■ Work to complete ■
The task calls for an exact retyping of the lines from the one holding "Номер Стандарт Трехместный, Daskaiser" through the end of the listing, with pictures omitted and nothing added.

= Beginning of Section =

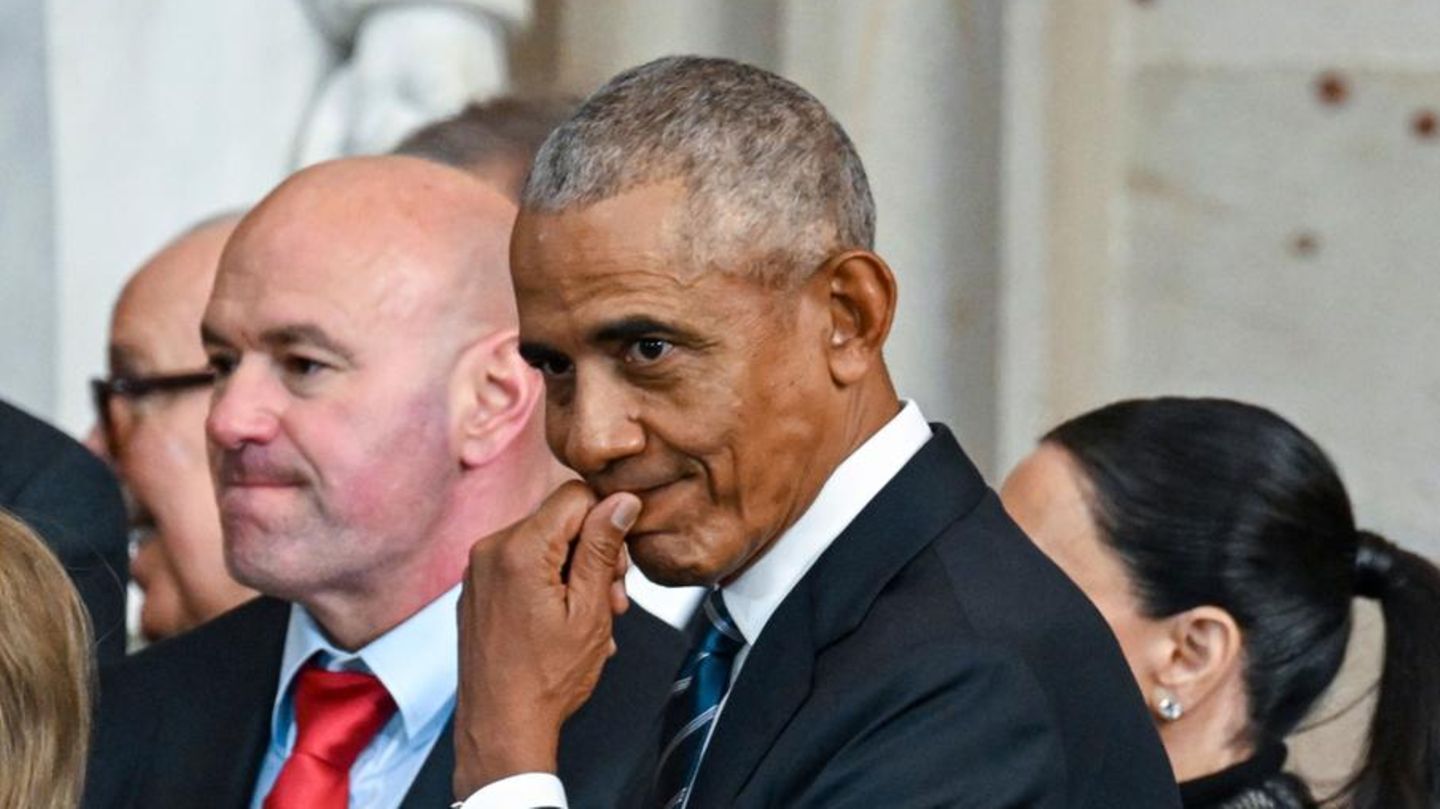 Barack Obama geht offenbar in seiner Freizeit gern unter Kirschbäumen spazieren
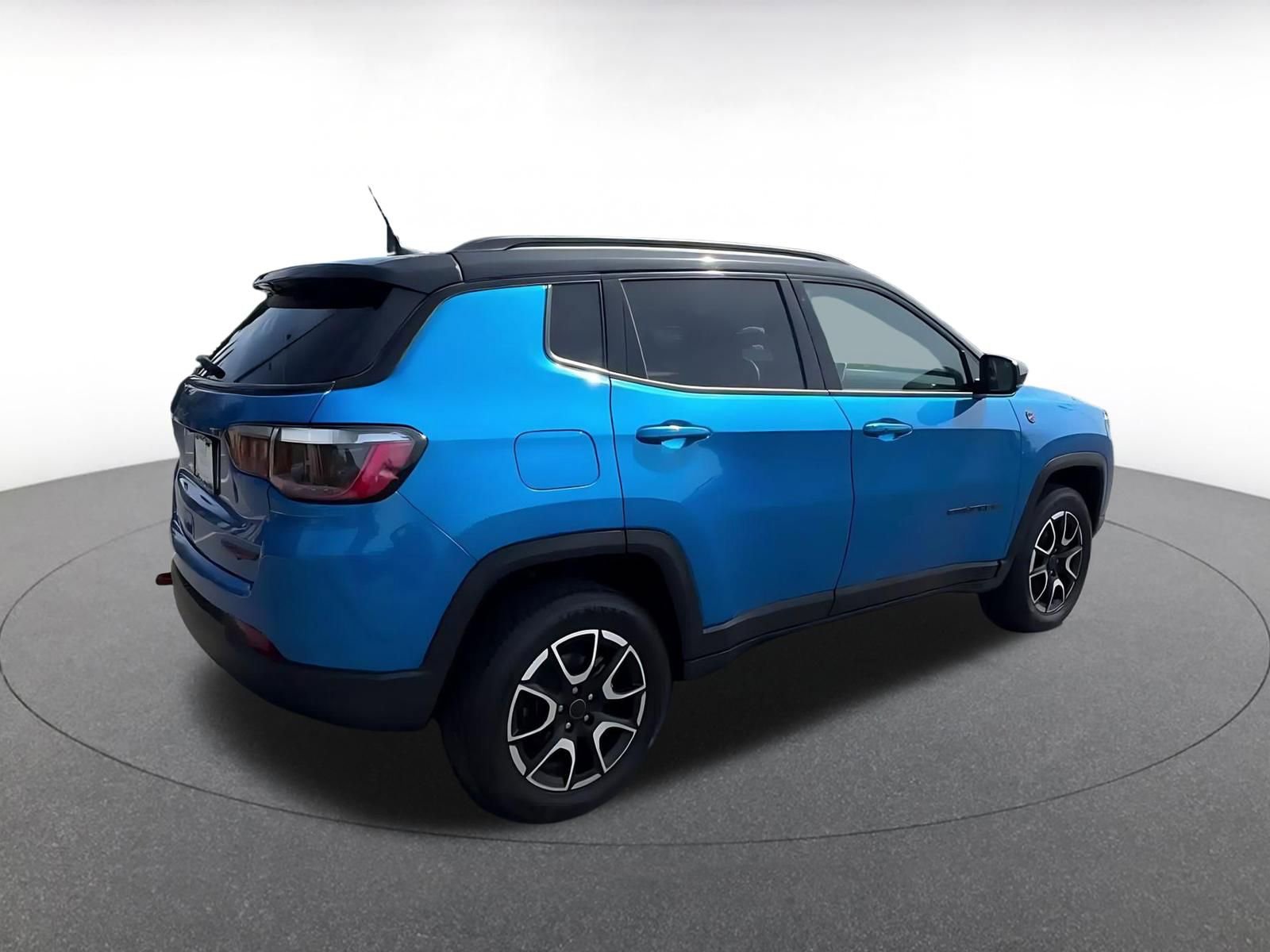 Thumbnail: 2025 Jeep Compass - 14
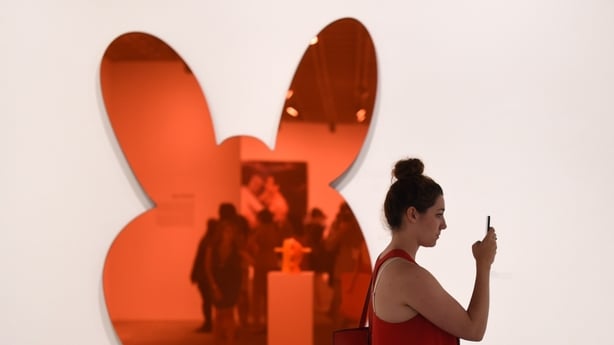 Jeff Koons: A Retrospective 'Kangaroo'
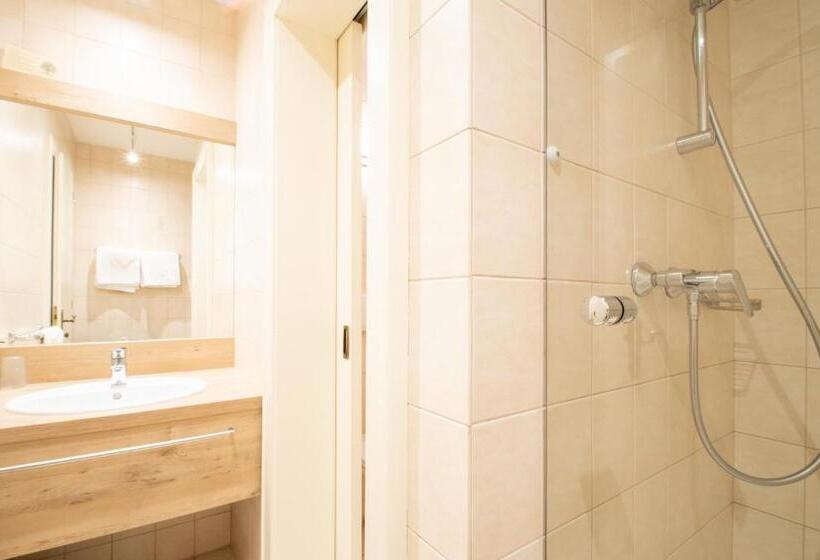 Номер Стандарт Трехместный, Daskaiser   Dein Gartenhotel In Tirol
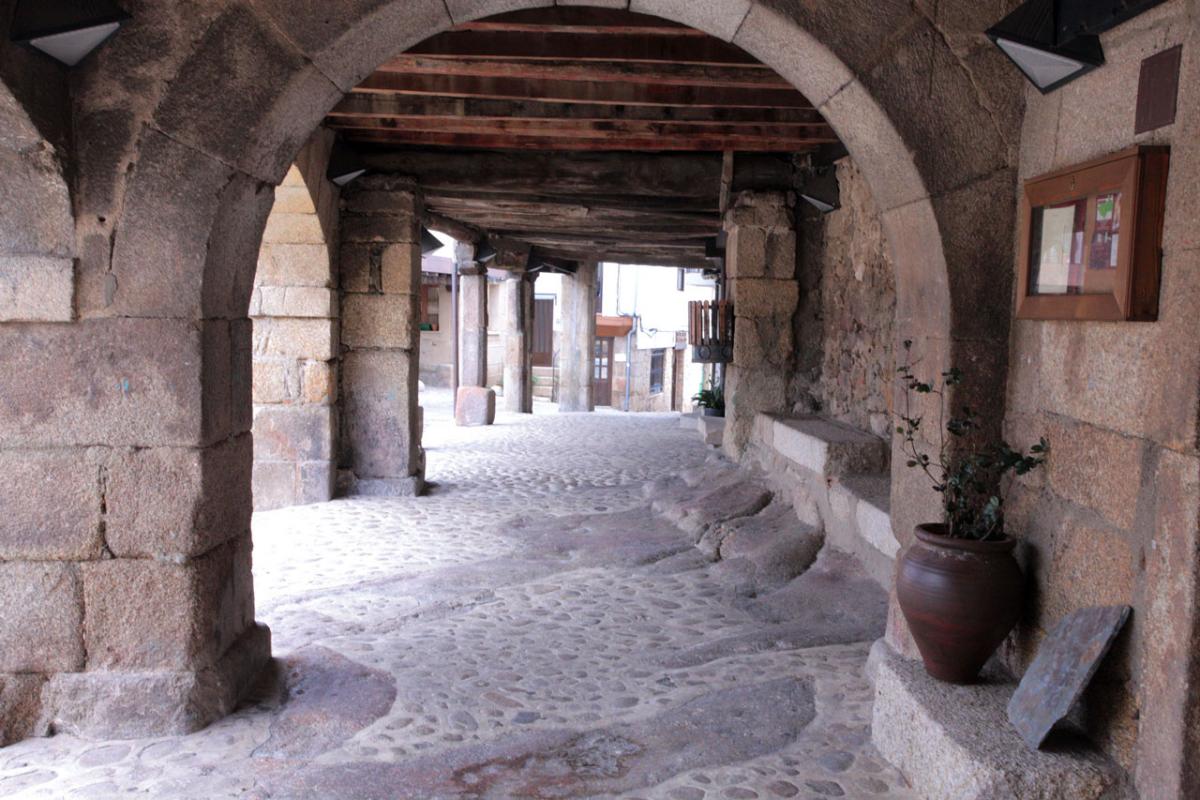 No podía acabar el año sin que #Extremadura tuviera un pueblo en la lista de los más bonitos de España. Si no lo conoces aún, #SanMartínDeTrevejo merece mucho la pena. ¡Te va a sorprender! 😊 #SierraDeGata  ow.ly/V5qR30mToZA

= End of Section =

■ Solution ■
 Номер Стандарт Трехместный, Daskaiser   Dein Gartenhotel In Tirol
 No podía acabar el año sin que #Extremadura tuviera un pueblo en la lista de los más bonitos de España. Si no lo conoces aún, #SanMartínDeTrevejo merece mucho la pena. ¡Te va a sorprender! 😊 #SierraDeGata  ow.ly/V5qR30mToZA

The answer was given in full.